Luckily, Gareth Southgate has decided to spice things up by again calling up perennial Premier League bench-warmers Harry Maguire and Kalvin Phillips and overlooking the likes of Raheem Sterling, Jarrod Bowen and James Ward-Prowse, three players who have started the season with the vigorous abandon of men who fear it may be their last.
Southgate admitted Sterling was ‘not particularly happy’ to be left out while Rio Ferdinand said he was ‘amazed’. Not at his own omission – the big man retired eight years ago and is more vibes than tackles nowadays – but on behalf of others.
‘Phillips and Maguire don’t kick a ball. They don’t play,’ said the former England captain, not at all unreasonably. ‘If I was Sterling, I’d be very disappointed. If you’re going by the yard stick Gareth’s using with the likes of Maguire and Phillips, why is it all right for them guys to get in and not him?’

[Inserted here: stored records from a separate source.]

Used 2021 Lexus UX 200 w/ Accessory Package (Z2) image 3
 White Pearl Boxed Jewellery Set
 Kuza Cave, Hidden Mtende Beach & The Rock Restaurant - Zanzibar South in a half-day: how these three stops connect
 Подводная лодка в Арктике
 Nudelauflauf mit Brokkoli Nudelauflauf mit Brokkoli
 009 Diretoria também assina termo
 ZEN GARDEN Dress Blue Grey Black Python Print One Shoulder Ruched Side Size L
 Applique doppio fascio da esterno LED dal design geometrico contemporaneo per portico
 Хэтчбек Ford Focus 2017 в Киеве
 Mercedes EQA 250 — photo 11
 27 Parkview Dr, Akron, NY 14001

It is a fair point, and one Southgate probably isn’t very comfortable with. Save for the odd opportunity to wrap Harry Kane or Bukayo Saka in cotton wool before a big game, no international manager wants their players to be sitting on the bench at club level.
It is a situation which gives credence to a charge long levelled at the England boss – namely that he is excessively loyal to certain players. But is that fair?
Where are the players who could come into the team for Maguire, or fill Phillips’ role as understudy to Declan Rice? Of the 45 men who started at centre-back in the Premier League last weekend, only 13 are qualified to play for England.
Marc Guehi is one young defender at England’s disposal (Picture: Getty Images)
Three of them, Lewis Dunk, Levi Colwill and Marc Guehi, are in the squad. Two more, Dan Burn and Joe Gomez, were covering for injuries. James Tarkowski is 30 and won the last of his two caps in 2018, Max Kilman now captains Wolves and may have a case for recognition, Jarrad Branthwaite was an unused substitute in England’s Euro Under-21 final triumph this summer and is yet to establish himself at Everton. That leaves Reece Burke, Jack Robinson, Ben Mee, Joe Worrall and Craig Dawson. Who are you picking?
Defensive midfield is even sparser territory. Without boring you with the sums, if you take the deepest-lying midfielder playing for each top-flight team last weekend then only three of them were English – Harrison Reed, Lewis Cook and Declan Rice. Four if you judge Nottingham Forest’s Ryan Yates to be a defensive midfielder, which he isn’t.
Ryan Yates is one of the few English midfielders in the Premier League (Picture: Getty Images)
So, if you want Kalvin Phillips replaced as your ‘break-glass-in-case-of-emergency’ cover for Declan Rice you can have Harrison Reed, Lewis Cook or Ryan Yates. I’m not saying you shouldn’t, but those are your options. We can discuss why Ward-Prowse isn’t picked and Conor Gallagher is but neither are defensive midfielders anyway, so let’s not.
So, the evidence suggests, Southgate’s perseverance with Maguire and Phillips is necessity rather than excessive loyalty. Pragmatism, not belligerence.
In attack, the England manager faces a very different issue – less who do you pick than who do you leave out? Sterling may be rejuvenated at Chelsea and Bowen in brilliant form for West Ham but do they offer more at international level than Saka, Phil Foden, Jack Grealish or James Maddison? Ward-Prowse has given the Hammers a creative spark but has he done enough to partner Rice when Jude Bellingham is the top scorer in LaLiga?
For years, England’s shortcomings at international level could in part be attributed to a lack of quality going forward – too many roundheads, not enough cavaliers. Things suddenly look very different: an abundance of quality in attack, a threadbare set of options in defensive areas. It’s a nice problem to have but it’s still a problem.
Another issue facing Southgate is how to keep a successful team – and England are such a team – fresh without losing what made them good to start with. With the inclusion of Guehi, Colwill, Eberechi Eze and Eddie Nketiah the manager continues to show he is prepared to do that. In other areas, he may want to do more but he literally doesn’t have any choice.